Ауад подобрал железный лом, взвесил в руке, оценивая, будет ли он выглядеть убедительно, заявившись с этой штукой в ближайшую деревню. Обойдя вокруг камня, прежде затыкавшего ход, обнаружил веревку, все еще висящую над темным колодцем, а также автомат Хасана с полным магазином. Странно. Хасан никогда бы не расстался с калашом. Впрочем, думать об этом сейчас не хотелось. Ауад нашел способ получить все, что ему было нужно.
Правая лодыжка ныла все сильнее с каждым шагом, намекая, что напрасно он отправился в это изматывающее путешествие длиной в пару километров. В полуденный час на дороге не было ни машин, ни телег, уныло катящихся за изнывающим от жары ослом. Даже пастух не лязгал надтреснутым колокольчиком, водя своих баранов по каменистым склонам, поросшим недолговечной зеленой травой. Ауад шагал, взвалив калаш на плечо, стараясь не замечать боль и отогнать прочь сумбурные мысли, намереваясь излить свою злобу на первого встреченного человека.

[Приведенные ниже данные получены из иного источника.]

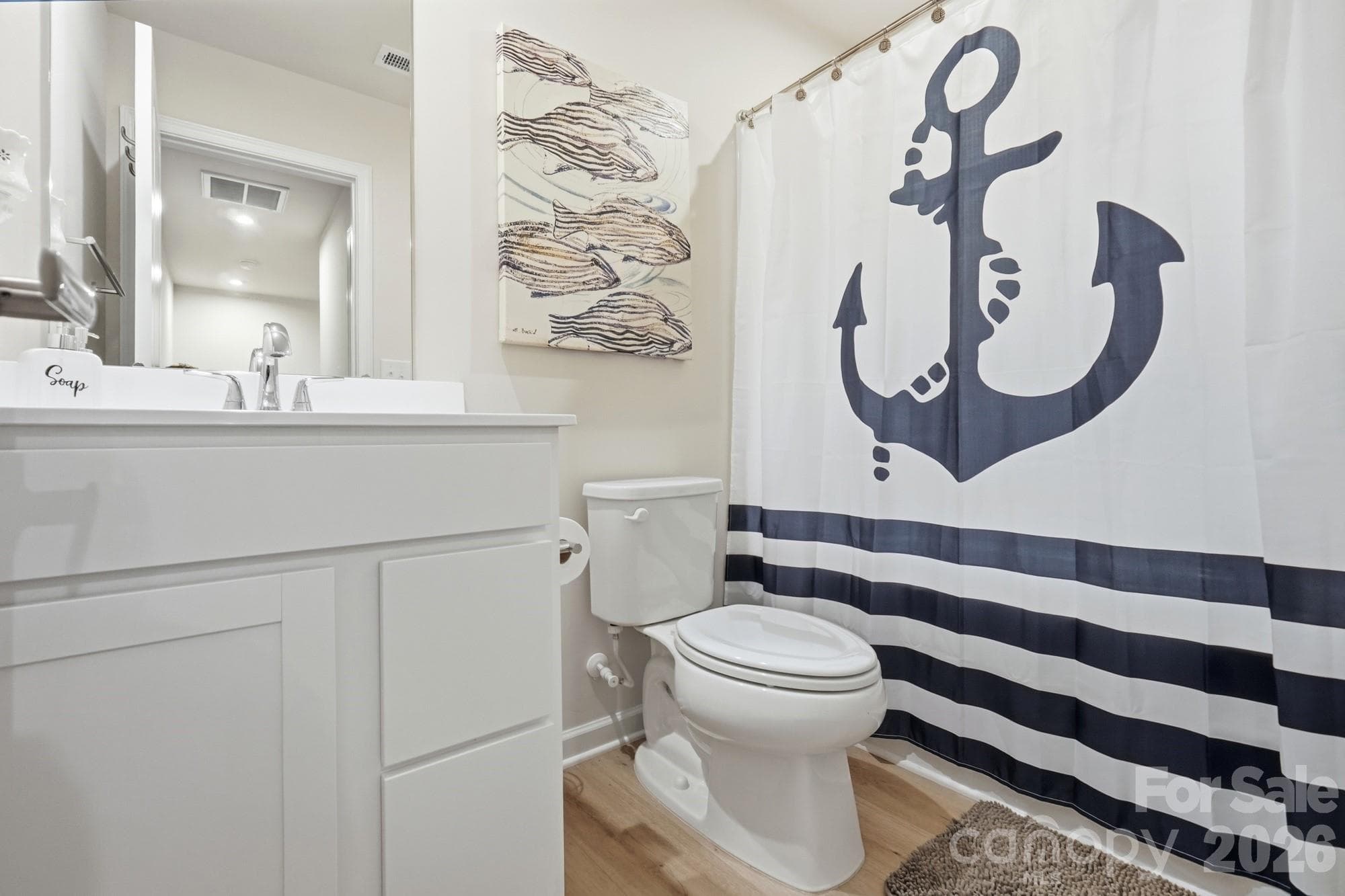Hallway Bathroom - 5965 Granbury Drive, Kannapolis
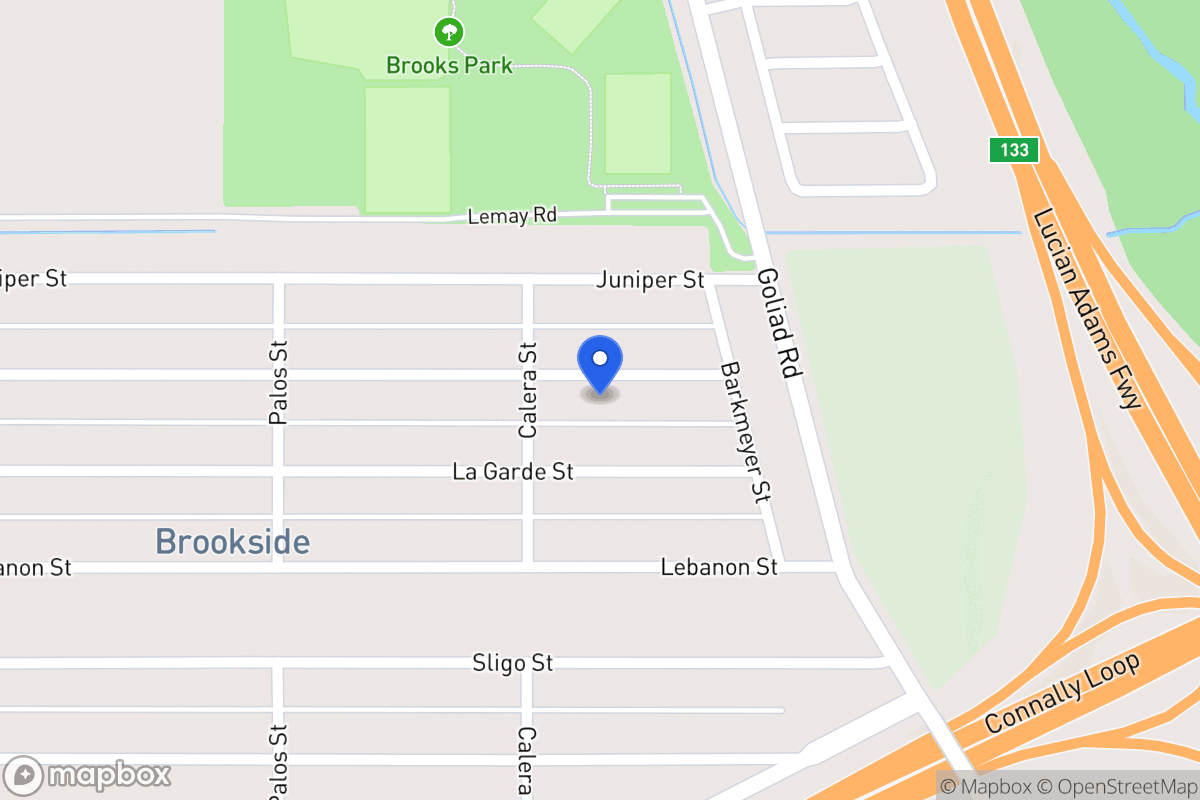 Map of 410  Margo St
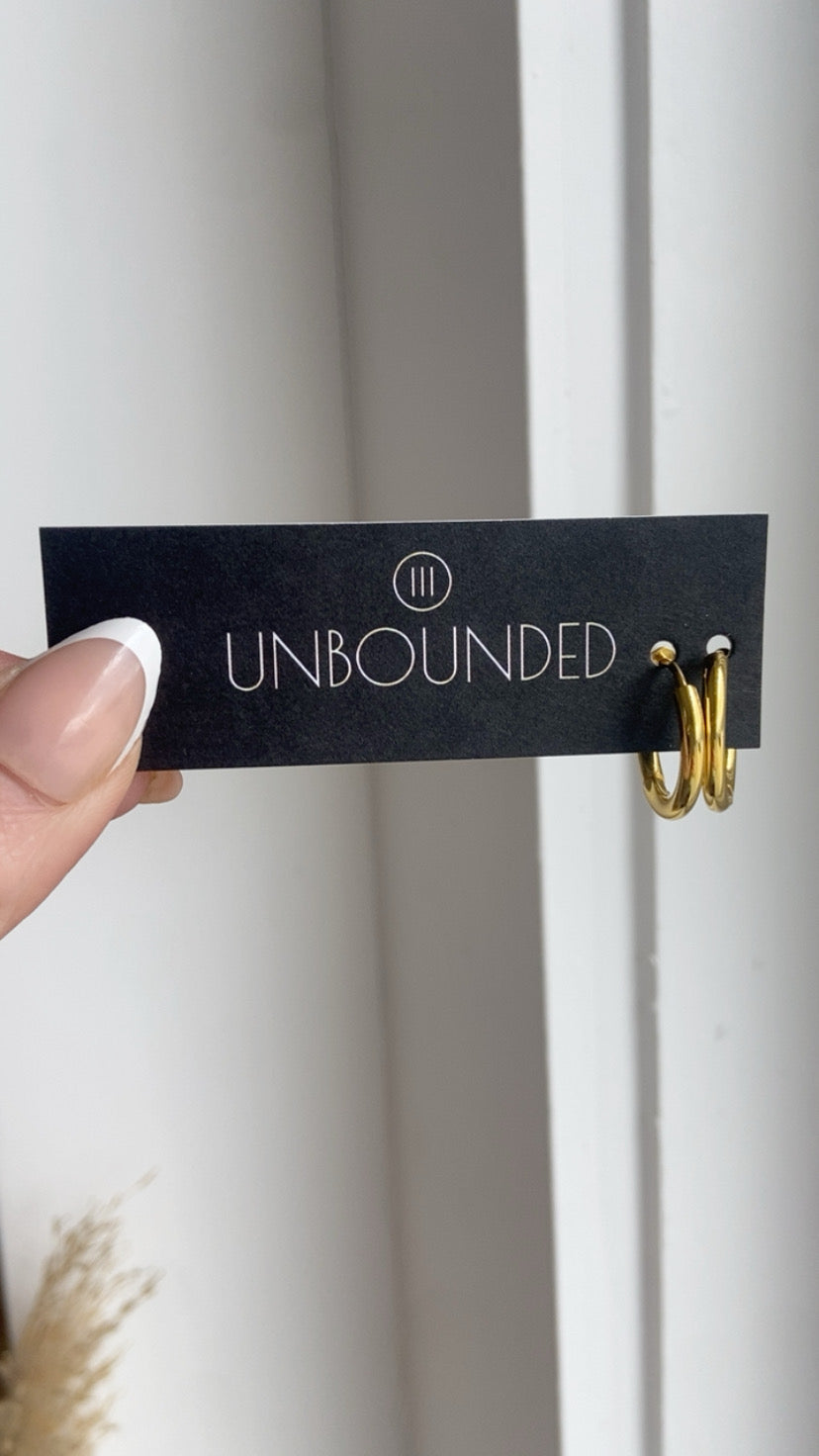 UNBOUNDED | Everyday Hoops | 4 Size Options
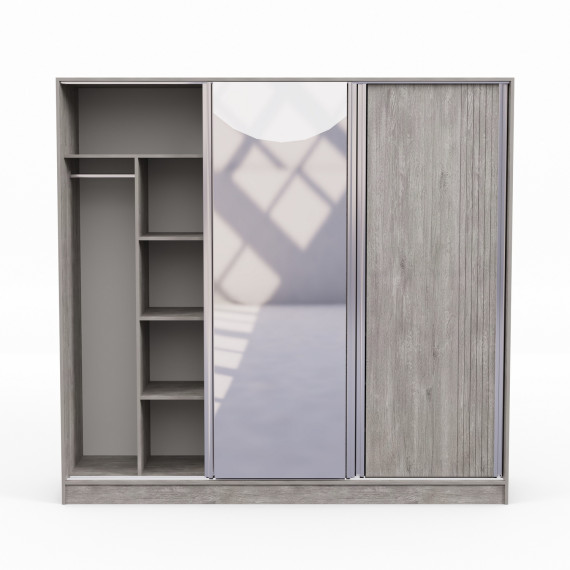 საძინებლის გარნიტური HOBEL EX-C24 (VITO 160-20M) ORMA 214 (16)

Деревня оказалась суннитской. Над горсткой приземистых блочных строений, парой ржавых машин и бесконечной пылью немощеных узких улиц возвышался минарет с округлым куполом, выкрашенным зеленой краской.
Как в тысячах подобных мест, разбросанных по Ближнему востоку, дома здесь достраивались по мере надобности, а потому выглядели потрепанными и незавершенными одновременно. По традиции, старшее поколение семьи возводило первый этаж на бетонном фундаменте, оставляя плоскую крышу со столбами и арматурой, торчащей в небо, словно в укор богам за безрадостный человеческий быт. На крыше проводили семейные празднества, оттуда стреляли очередями по случаю свадьбы, университетского диплома, или очередной никому не нужной военной победы. Второй этаж достраивали остепенившиеся дети, оставляя новую плоскую крышу с торчащей арматурой для следующего поколения.
В этой деревушке, размазанной по залитому солнцем склону холма, Ауад не увидел ни одного двухэтажного строения. Новые поколения старались держаться отсюда подальше. Он понял, что не сможет больше прошагать и сотни метров. Под блеянье овец, толпящихся за чьим-то бетонным забором, свернул к ближайшему дому. Пересек мощеный плиткой двор, наклоняясь, чтобы не задеть веревки с цветастым бельем, без стука толкнул жестяную дверь с облупленной голубой краской и оказался на кухне, похожей на кухню его матери, но еще более нищей и жалкой.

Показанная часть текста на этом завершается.